We show examples of jointly discretizing continuous data based on grids that preserve clusters in the original data.
plot.patterns()
Below is a helper function plot.patterns
to visualize a three-dimensional grid on a three-variable data set. It shows scatter plots of each dimension with the clusters identified on the continuous data and the corresponding contingency table after grid discretization. We will use it to show the grid obtained on three examples next.
# Package `FunChisq' must have been installed.
plot.patterns <- function(x, y, z, res)
{
k = length(unique(res$clabels))
mar = c(2.5,3,4,1)
par(mar=mar, mgp=c(3,1,0)-c(1.5,0.5,0), lwd=2)
col <- "limegreen"
labelcol <- colorRampPalette(c("black", col))
plot(x, y, main="Original data", col=labelcol(k)[res$clabels],
pch=19, cex.axis=0.8, cex=0.7)
abline(v=res$grid[[1]], h=res$grid[[2]], col="black", lty="dotted")
tab <- as.matrix(table(-res$D[, 2], res$D[, 1]))
par(xpd=TRUE)
legend("top", legend = c(min(res$clabels):max(res$clabels)), pch=19,
col = labelcol(k), bty = "n", horiz = TRUE, inset = c(0,-0.2))
par(xpd=FALSE)
FunChisq::plot_table(
tab, xlab="x discretized", ylab="y discretized",
col=col, main="Discretized data", highlight="none", mar = mar)
col <- "brown3"
labelcol <- colorRampPalette(c("black", col))
plot(y, z, main="Original data", col=labelcol(k)[res$clabels],
pch=19, cex.axis=0.8, cex=0.7)
abline(v=res$grid[[2]], h=res$grid[[3]], col="black", lty="dotted")

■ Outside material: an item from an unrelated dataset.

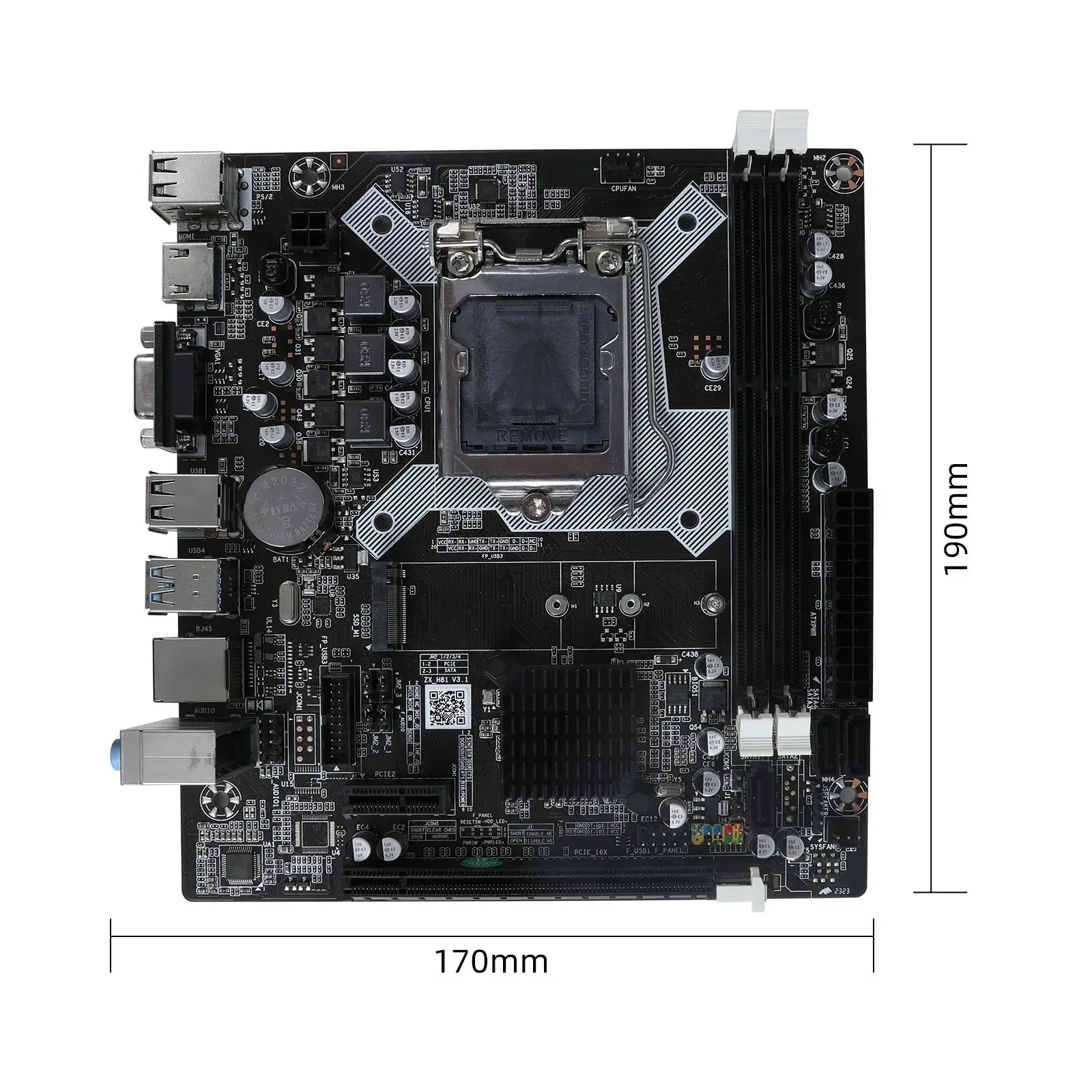 Imagem -04 - Placa-mãe Zx-h81 Lga 1150 Suporta Processador i3 i5 Ram Ddr3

tab <- as.matrix(table(-res$D[, 3], res$D[, 2]))
par(xpd=TRUE)
legend("top", legend = c(min(res$clabels):max(res$clabels)), pch=19,
col = labelcol(k), bty = "n", horiz = TRUE, inset = c(0,-0.2))
par(xpd=FALSE)
FunChisq::plot_table(
tab, xlab="y discretized", ylab="z discretized",
col=col, main="Discretized data", highlight="none", mar = mar)
col <- "dodgerblue"
labelcol <- colorRampPalette(c("black", col))
plot(x, z, main="Original data", col=labelcol(k)[res$clabels],
pch=19, cex.axis=0.8, cex=0.7)
abline(v=res$grid[[1]], h=res$grid[[3]], col="black", lty="dotted")
tab <- as.matrix(table(-res$D[, 3], res$D[, 1]))
par(xpd=TRUE)
legend("top", legend = c(min(res$clabels):max(res$clabels)), pch=19,
col = labelcol(k), bty = "n", horiz = TRUE, inset = c(0,-0.2))
par(xpd=FALSE)
FunChisq::plot_table(
tab, xlab="x discretized", ylab="z discretized",
col=col, main="Discretized data", highlight="none", mar = mar)
}
require(GridOnClusters)
#> Loading required package: GridOnClusters
x = rnorm(50)
y = sin(x)
z = cos(x)
data = cbind(x, y, z)
res = discretize.jointly(data, k=3) # using a specified k
plot.patterns(x, y, z, res)
Example 1. Nonlinear curves using k-means clustering with a fixed number of clusters.
x = rnorm(100)
y = log1p(abs(x))
z = ifelse(x >= -0.5 & x <= 0.5, 0, 1) + rnorm(100, 0, 0.1)
data = cbind(x, y, z)
res = discretize.jointly(data, k=c(2:3)) # using a range of k
plot.patterns(x, y, z, res)
Example 2. Using a range for the number of k-means clusters
# using a clustering method other than k-means
x = rnorm(100)
y = log1p(abs(x))
z = sin(x)
data = cbind(x, y, z)
# pre-cluster the data using partition around medoids (PAM)
cluster_label = cluster::pam(x=data, diss = FALSE, metric = "euclidean", k = 4)$clustering
res = discretize.jointly(data, cluster_label = cluster_label)
plot.patterns(x, y, z, res)
Example 3. Using the partition around medoids clustering method.